The only solution is to have a two-word instruction, but this is also impossible because RISC philosophy says all instructions should be 1 word long, supporting variable length instruction would make it much harder to pipeline the processor.

The solution used by ARM is to have the "second word of the instructions" (in this case, your pointer) stored not in the code, but right after the code. (this was an arbitrary decision, it could go before and work just as well). This turned out to be very practical for romhacking, as there is a pool of parameters used in a function right to eachother, which often makes you able to change things without even disassemble the routine :)

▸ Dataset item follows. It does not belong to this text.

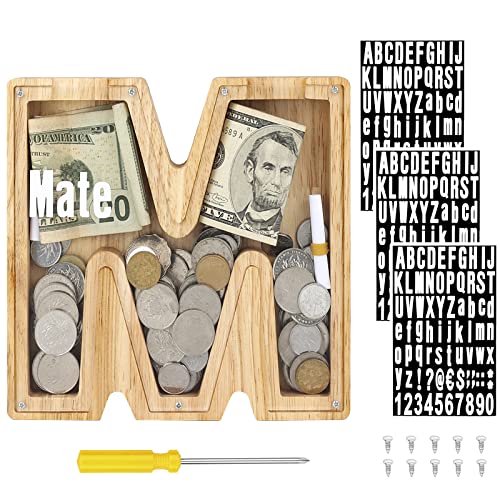 Wooden Piggy Bank, 15 in 1 Personalized Piggy Bank for Boys Girls, Letters Coin Bank Money Box Bank with 3 Stickers and 10 Screws kit for Christmas Birthday Gifts Home DIY Letter Numbers Decoration(M)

Note that RISC was never made to save memory (on the other hand, it wastes a lot of ROM as programs are stored very inefficiently - except for THUMB mode in ARM where it gets decent). It was made to simplify instruction decoding within the processor in order to get them to run faster.

Also note that there is NO pointer to your pointer. It is just an instruction relative to the program counter (r15). ARM assembly uses many pseudom-instructions, which acually are compiled to different instructions. Google "arm pseudo instruction" to get more details.

In this case

Code: Select all

lda r0, =something
is probably equivalent to something like

Code: Select all

here:
    lda r0, [r15], #something-here-8
The PC is always 2 words (8 bytes) ahead because of the pipeline.
Last edited by Bregalad on Tue May 17, 2016 8:58 am, edited 1 time in total.
AWJ
Posts: 433
Joined: Mon Nov 10, 2008 3:09 pm

Re: ARM Assembler Question

Post by AWJ »

AFAIK Hitachi SuperH (used by the Saturn and Dreamcast) also uses literal pools.
User avatar
Jarhmander
Formerly ~J-@D!~
Posts: 570
Joined: Sun Mar 12, 2006 12:36 am
Location: Rive nord de Montréal

Re: ARM Assembler Question

Post by Jarhmander »

Bregalad wrote:In this case

Code: Select all

lda r0, =something
is probably equivalent to something like

Code: Select all

here:
    lda r0, [r15], #something-here-8
The PC is always 2 words (8 bytes) ahead because of the pipeline.
Hell no, not only you fetch the wrong word, you'll corrupt the PC, or it will fault. This is post-indexed addressing, instead of regular offset addressing, which is the only form accepted for base addresses based on PC.
So it's more like:

Code: Select all

    ldr r0, [pc, #off-8]
The -8 thing is true, PC is "ahead" because of pipeline. This is important to consider upon receiving imprecise faults (if I remember correctly!), the old PC points after the faulty instruction.
((λ (x) (x x)) (λ (x) (x x)))
User avatar
nicklausw
Posts: 376
Joined: Sat Jan 03, 2015 5:58 pm
Location: ...

Re: ARM Assembler Question

Post by nicklausw »

Um...does anyone have any idea why lr might magically turn into pc in a subroutine? Because I have a problem where my subroutines will randomly turn into a bx lr loop sometimes, and I can't figure things out at all. Not sure what other information to provide.
User avatar
nicklausw
Posts: 376
Joined: Sat Jan 03, 2015 5:58 pm
Location: ...

Re: ARM Assembler Question

Post by nicklausw »

nicklausw wrote:Um...does anyone have any idea why lr might magically turn into pc in a subroutine? Because I have a problem where my subroutines will randomly turn into a bx lr loop sometimes, and I can't figure things out at all. Not sure what other information to provide.
Update, I figured this one out on my own.

Putting:

Code: Select all

stmfd  sp!, {lr}
at the beginning of subroutines, and:

Code: Select all

ldmfd  sp!, {pc}
at the end prevents recursive lr's. Now to figure out what the crap "stmfd" and "ldmfd" mean.